Brief → When you return the entries, keep every word and mark exactly as it is.

Dataset entries:

---

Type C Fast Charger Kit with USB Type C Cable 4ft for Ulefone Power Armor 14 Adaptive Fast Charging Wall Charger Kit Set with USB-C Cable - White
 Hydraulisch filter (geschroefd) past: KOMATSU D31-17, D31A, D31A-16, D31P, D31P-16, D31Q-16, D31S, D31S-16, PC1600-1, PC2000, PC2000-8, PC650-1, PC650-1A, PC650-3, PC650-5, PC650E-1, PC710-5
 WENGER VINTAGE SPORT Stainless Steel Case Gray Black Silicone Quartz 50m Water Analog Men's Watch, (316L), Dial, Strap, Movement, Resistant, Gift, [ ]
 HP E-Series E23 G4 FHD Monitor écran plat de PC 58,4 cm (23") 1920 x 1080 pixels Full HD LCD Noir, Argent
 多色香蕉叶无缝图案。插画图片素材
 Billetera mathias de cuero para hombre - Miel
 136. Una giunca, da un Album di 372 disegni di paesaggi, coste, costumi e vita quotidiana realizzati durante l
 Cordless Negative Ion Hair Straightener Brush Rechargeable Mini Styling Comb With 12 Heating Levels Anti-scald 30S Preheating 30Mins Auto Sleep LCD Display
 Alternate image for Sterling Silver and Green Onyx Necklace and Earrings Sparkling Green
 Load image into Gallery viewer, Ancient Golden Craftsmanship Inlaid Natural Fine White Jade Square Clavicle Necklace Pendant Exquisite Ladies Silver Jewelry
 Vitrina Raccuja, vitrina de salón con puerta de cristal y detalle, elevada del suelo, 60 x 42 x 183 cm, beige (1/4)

---

Result for this exercise →
Type C Fast Charger Kit with USB Type C Cable 4ft for Ulefone Power Armor 14 Adaptive Fast Charging Wall Charger Kit Set with USB-C Cable - White
 Hydraulisch filter (geschroefd) past: KOMATSU D31-17, D31A, D31A-16, D31P, D31P-16, D31Q-16, D31S, D31S-16, PC1600-1, PC2000, PC2000-8, PC650-1, PC650-1A, PC650-3, PC650-5, PC650E-1, PC710-5
 WENGER VINTAGE SPORT Stainless Steel Case Gray Black Silicone Quartz 50m Water Analog Men's Watch, (316L), Dial, Strap, Movement, Resistant, Gift, [ ]
 HP E-Series E23 G4 FHD Monitor écran plat de PC 58,4 cm (23") 1920 x 1080 pixels Full HD LCD Noir, Argent
 多色香蕉叶无缝图案。插画图片素材
 Billetera mathias de cuero para hombre - Miel
 136. Una giunca, da un Album di 372 disegni di paesaggi, coste, costumi e vita quotidiana realizzati durante l
 Cordless Negative Ion Hair Straightener Brush Rechargeable Mini Styling Comb With 12 Heating Levels Anti-scald 30S Preheating 30Mins Auto Sleep LCD Display
 Alternate image for Sterling Silver and Green Onyx Necklace and Earrings Sparkling Green
 Load image into Gallery viewer, Ancient Golden Craftsmanship Inlaid Natural Fine White Jade Square Clavicle Necklace Pendant Exquisite Ladies Silver Jewelry
 Vitrina Raccuja, vitrina de salón con puerta de cristal y detalle, elevada del suelo, 60 x 42 x 183 cm, beige (1/4)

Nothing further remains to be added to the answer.